Les quatre mouvements de Fase suggèrent un instant présent qui ne trouve son terme qu’en « coupant les fusibles », temporalité frénétique caractéristique de la fin de l’adolescence – De Keersmaeker, rappelons-le, n’avait jamais que vingt-et-un ans. La « musique comme processus graduel » de Steve Reich offre le cadre conceptuel d’une certaine conception du temps artistique, soit le lent écoulement d’un sablier, capturé dans la permanence d’un moment unique. Et ce « présent » du temps, cet instant qui se rouvre sans cesse, est si absolu qu’à la fin il semble tendre à l’immobilité. Le flux et le reflux, lorsqu’on les accélère, prennent l’allure d’une pure vibration, jusqu’au point où tout se fige en tremblant. Les quatre mouvements de Fase ne racontent en rien une tranche de vie, mais opèrent des coupes transversales dans le temps, nous approchant d’un état qui ressemble à l’éternité : tout était déjà là avant que cela ne commence, tout continuera de vibrer après l’extinction des feux. Cette éternité n’est nimbée d’aucune terreur sacrée, elle ne s’oppose pas à la finitude et à la mort, elle est pur jaillissement : à vingt-et-un ans, l’horizon de la mort est hors de portée et hors de vue. Et danser, c’est alors explorer l’éternel présent.
L’agencement des quatre mouvements de Fase, l’utilisation de l’espace, de l’avant-plan et de l’arrière-plan, évoquent une mise en scène et une dramaturgie de l’écoulement du temps comme tel. En plaçant en dernière position la séquence de Clapping Music – dont la musique est produite par deux musiciens qui frappent dans les mains un court motif rythmique –, De Keersmaeker fait de son final une élégante anticipation des applaudissements du public.

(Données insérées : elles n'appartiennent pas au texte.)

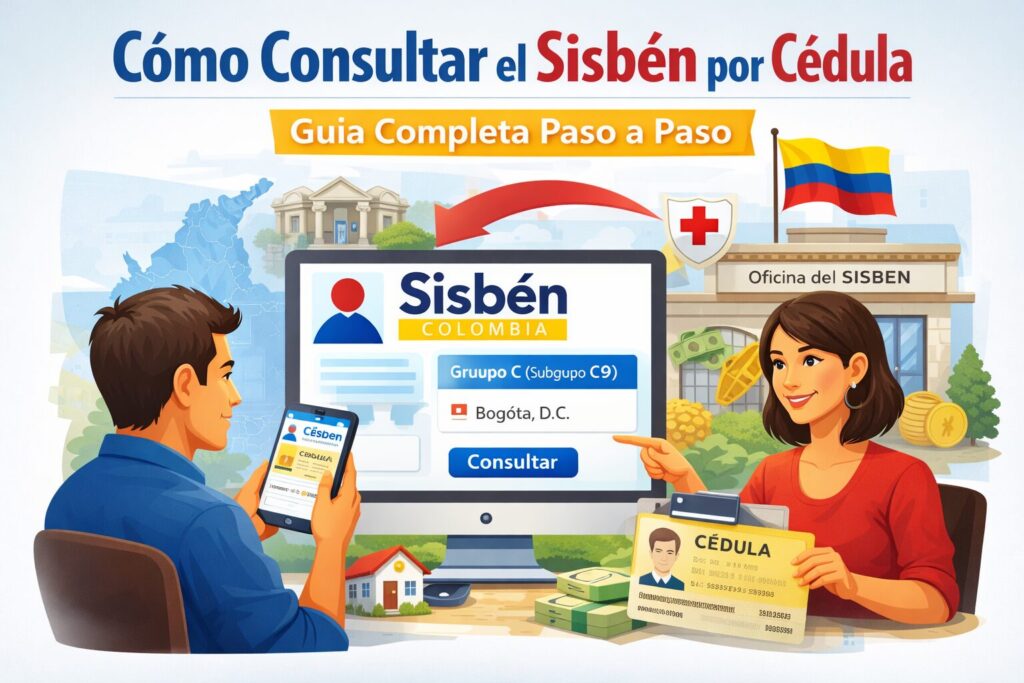 Consultar el Sisbén por Cédula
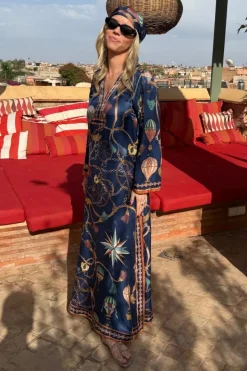 Valery Kimono Dress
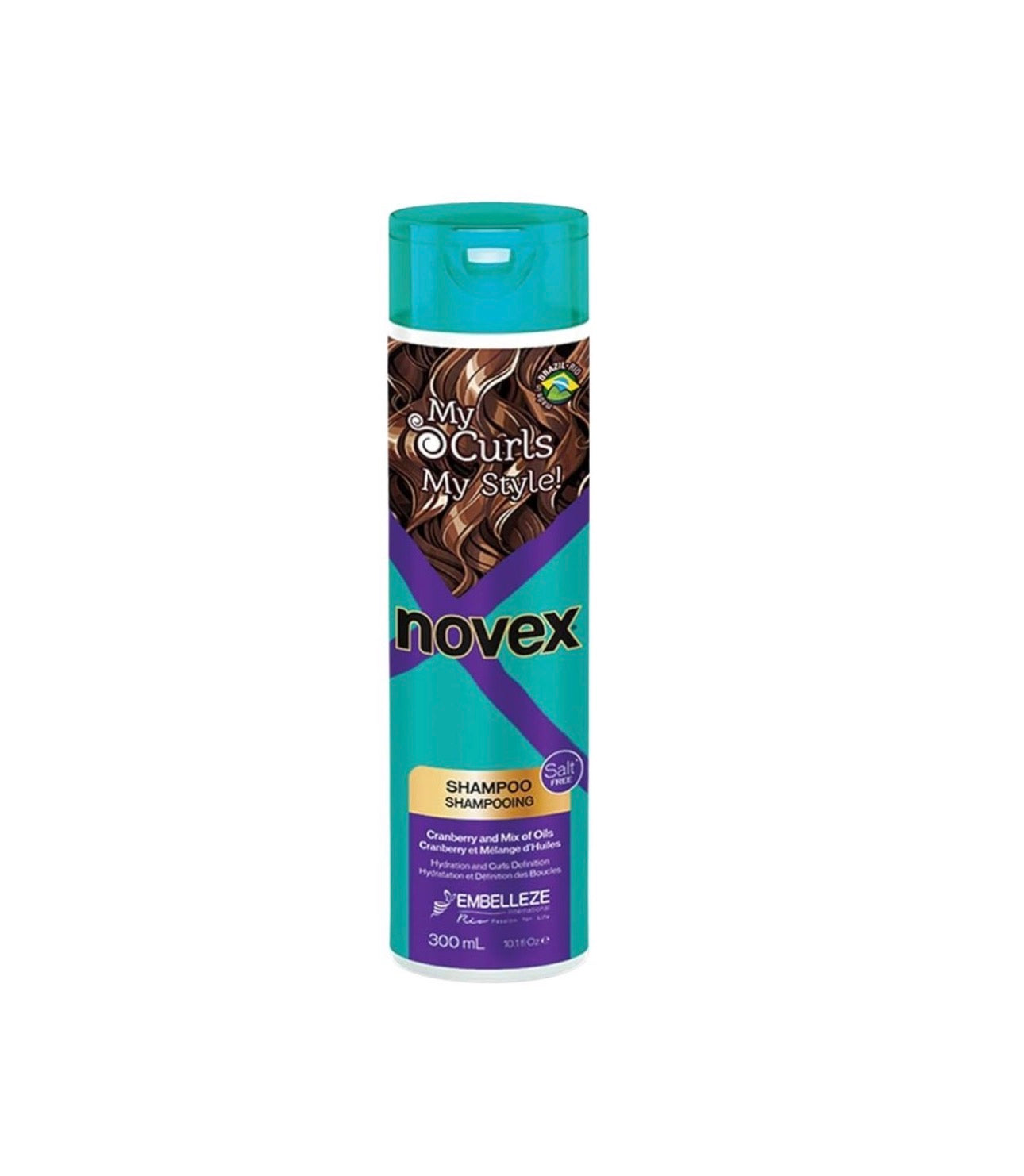 Novex My Curls Shampoo 300 ml
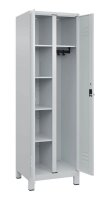 CP Spind Classic Plus lichtgrau 080610-20 S10009, 1 Schließfach 60,0 x 50,0 x 195,0 cm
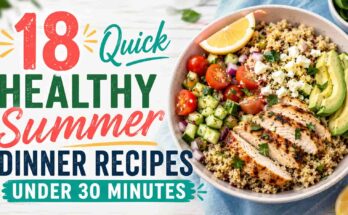 Healthy Summer Dinner Recipes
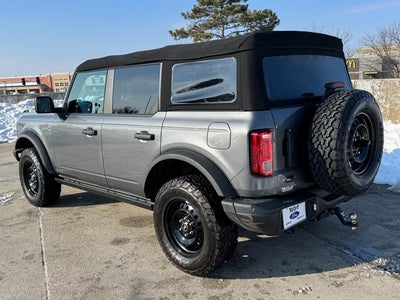 2022 Ford Bronco Black Diamond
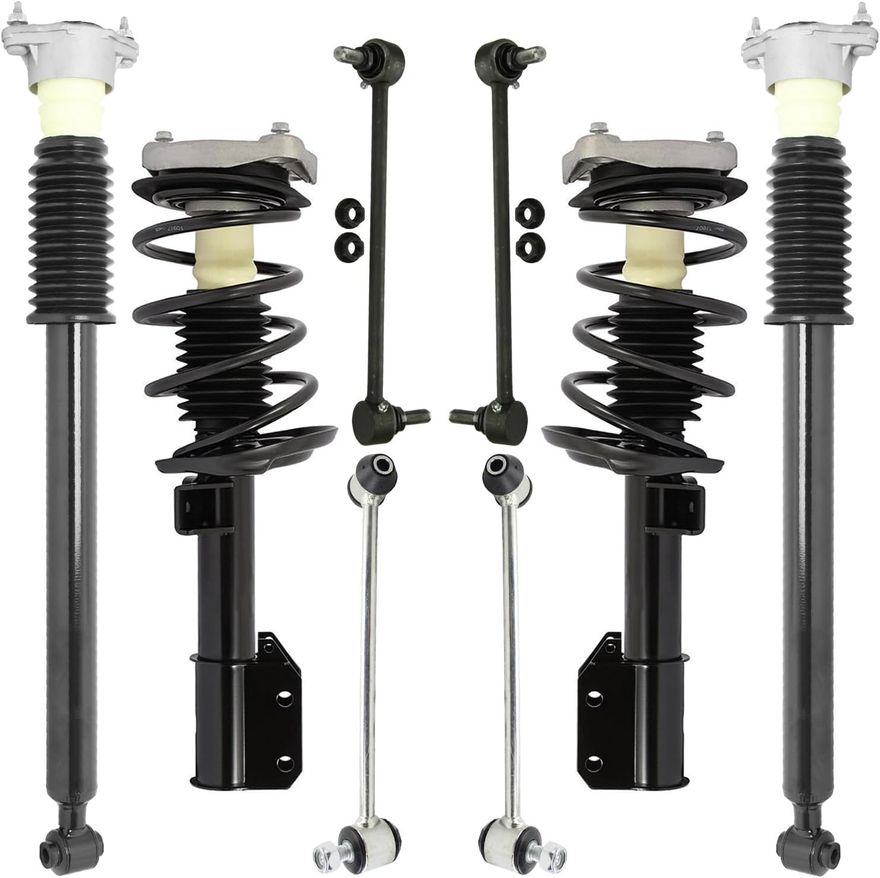 Main Image - Front Struts Rear Shocks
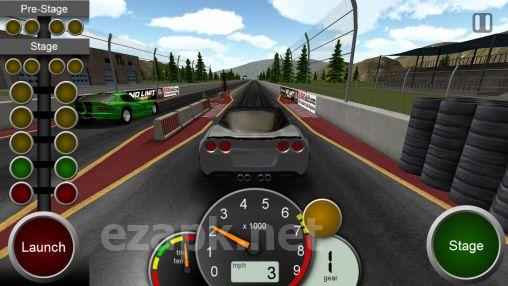 No limit drag racing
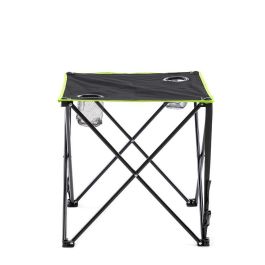 Mesa de Camping Textil Plegable con Funda Cafolby InnovaGoods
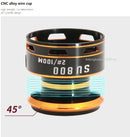 GT500 5.2:1 Mini Spinning Reel Outdoor Ice Fishing Sea Rock Raft Angling Rod Gear Metal Spool Tackle Carp Crucian Bass Reels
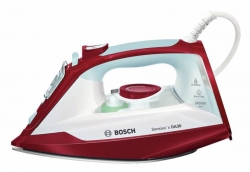 Утюг Bosch TDA3024010 белый/красный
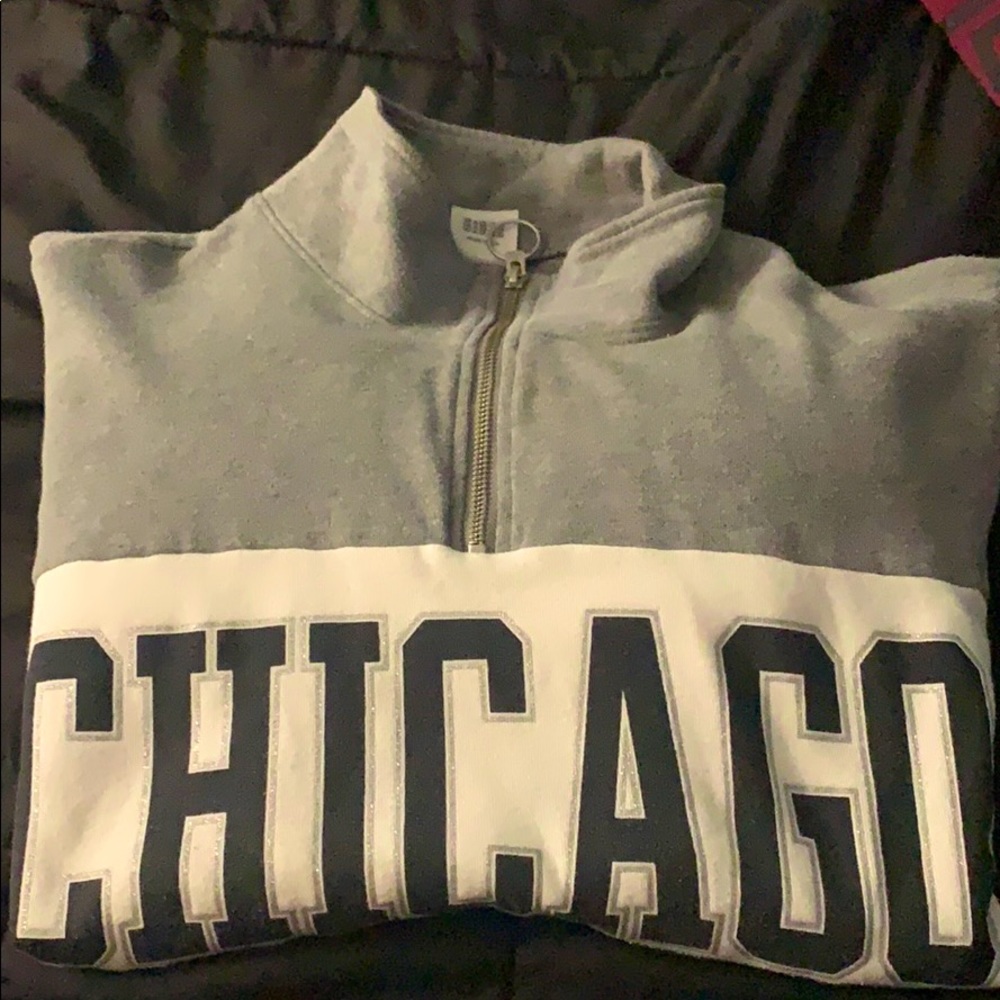 PINK CHICAGO sweater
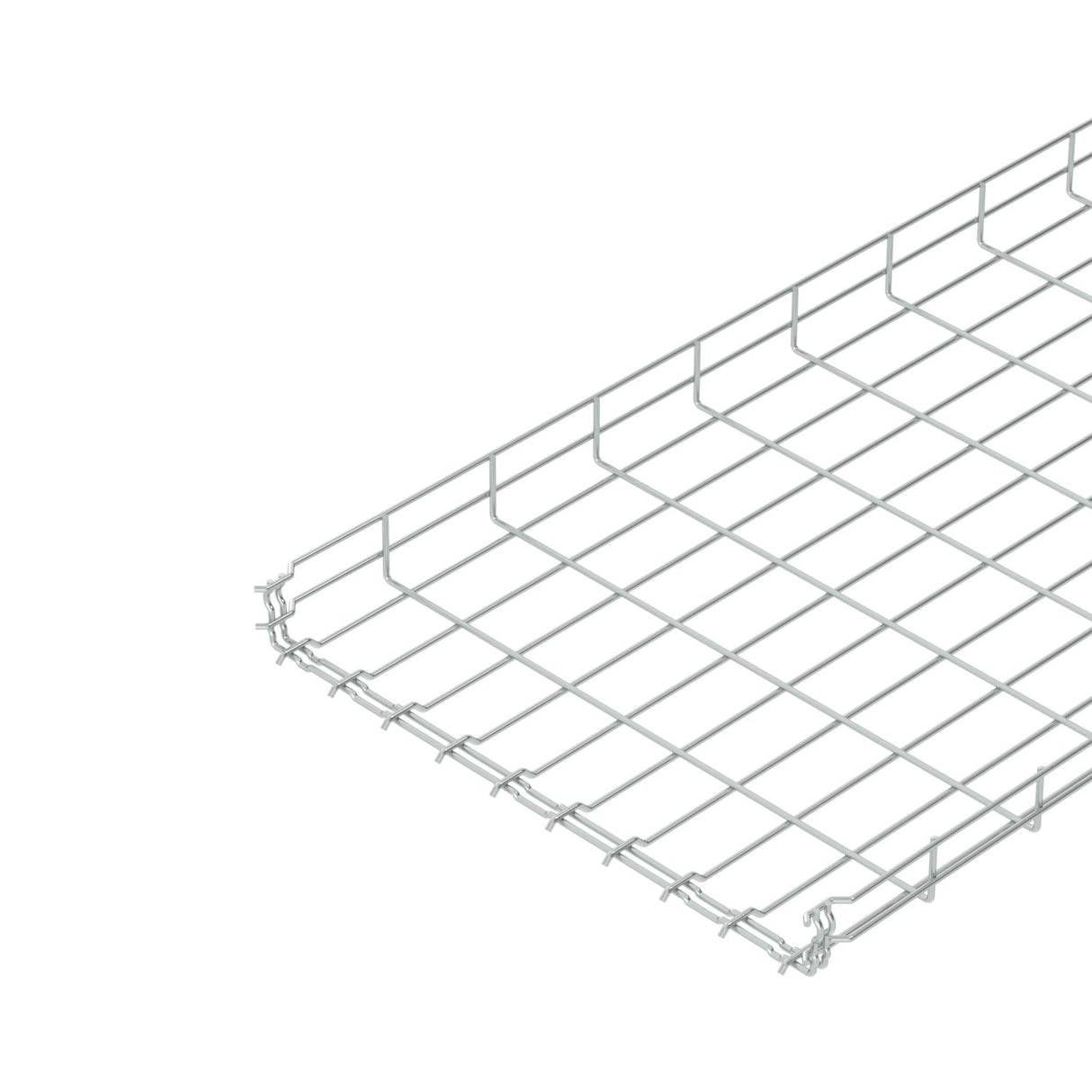 BETTERMANN Gitterrinne U-Form Klickbef GRM-Serie GRM 55 500 G 55x500x3000mm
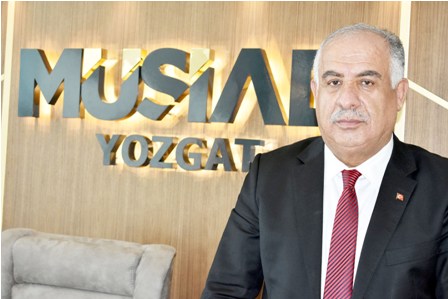 Müstakil Sanayici ve İşadamları Derneği (MÜSİAD) Yozgat Başkanı Ferudun Daştan,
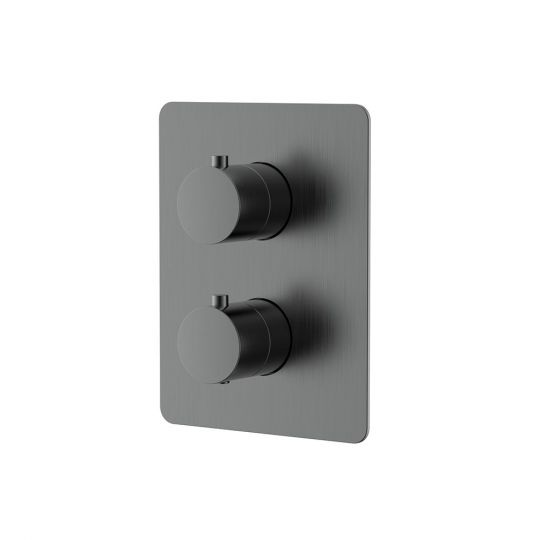 Термостатический встраиваемый смеситель NEMO Round NM-2358 для душа схема 5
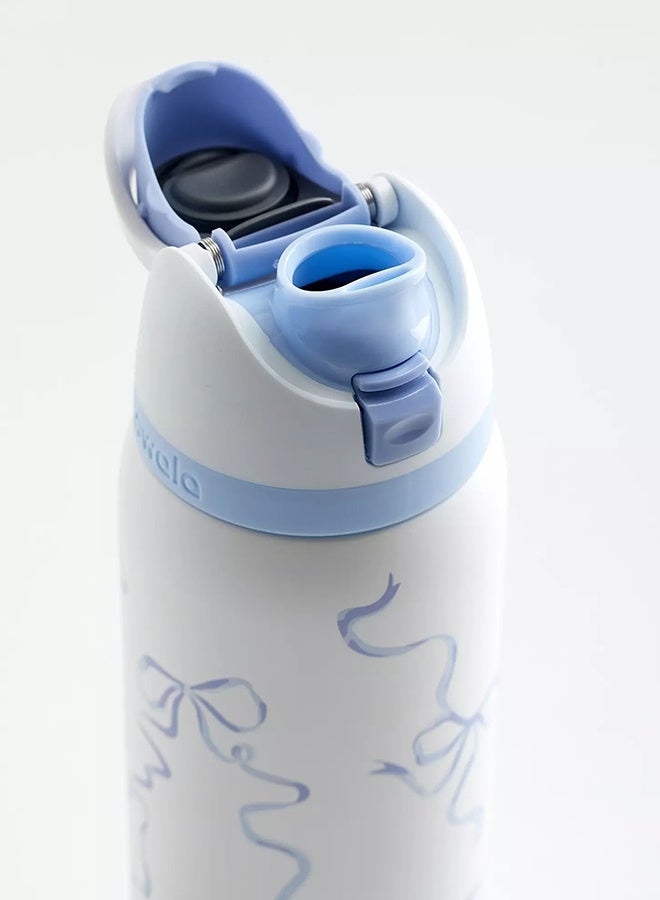 FreeSip Insulated Stainless Steel Water Bottle with Straw for Sports, Travel, and School BPA-Free Sports Water Bottle - Image 3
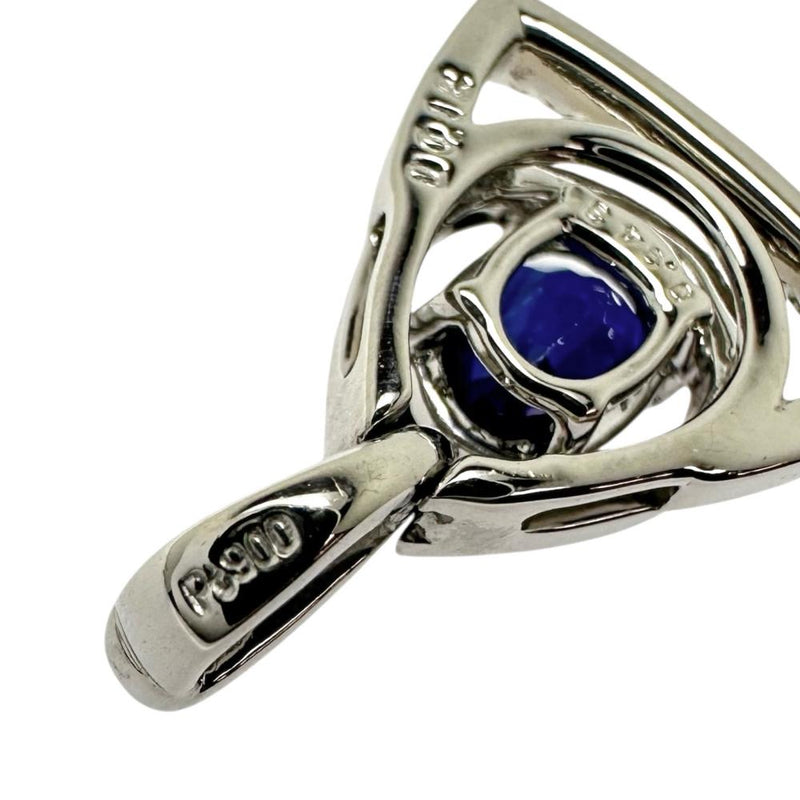 サファイア 0.943ct ダイヤモンド 計0.12ct ペンダントトップ Pt900プラチナ 2.6g レディース
【中古】【真子質店】【NN】




【MoTMi】
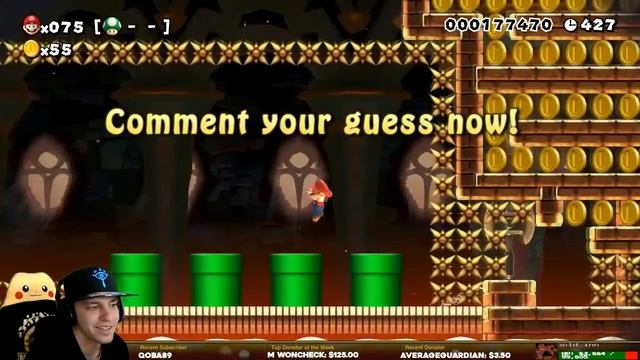 Controller Throwing RAGE! 100 Man Super Expert Mario Maker смотреть онлайн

Ce qui est somme toute fort différent de la manière « de maturité » avec laquelle la chorégraphe sculpte désormais le temps de ses performances. Nous pensons par exemple à ce « cœur des ténèbres » chorégraphique organisé autour du moment-clé de Mitten wir im Leben sind, à la faveur d’une sublime sarabande où Bach semble étirer le temps comme jamais. Dans la demi-pénombre, tous les corps dansants à l’arrêt, il ne reste plus à voir et à entendre qu’un duo entre le violoncelliste et son ombre, en suave allégorie de la mort. La courbe dramaturgique prend ici pour mesure la vie complète d’un homme, et le temps long de son récit existentiel. Ainsi De Keersmaeker semble-t-elle aujourd’hui bien loin de Fase, de son intensité comprimée, de ses accumulations de courtes phases obsédantes qui s’entrechoquent ; le temps est venu, visiblement, d’un arc narratif plus complexe et plus aéré, fait de différentes vitesses entrelacées, et d’un jeu sur la gravité qui s’intensifie tandis qu’approche la fin du spectacle – ce que Julian Barnes nomme joliment the sense of an ending.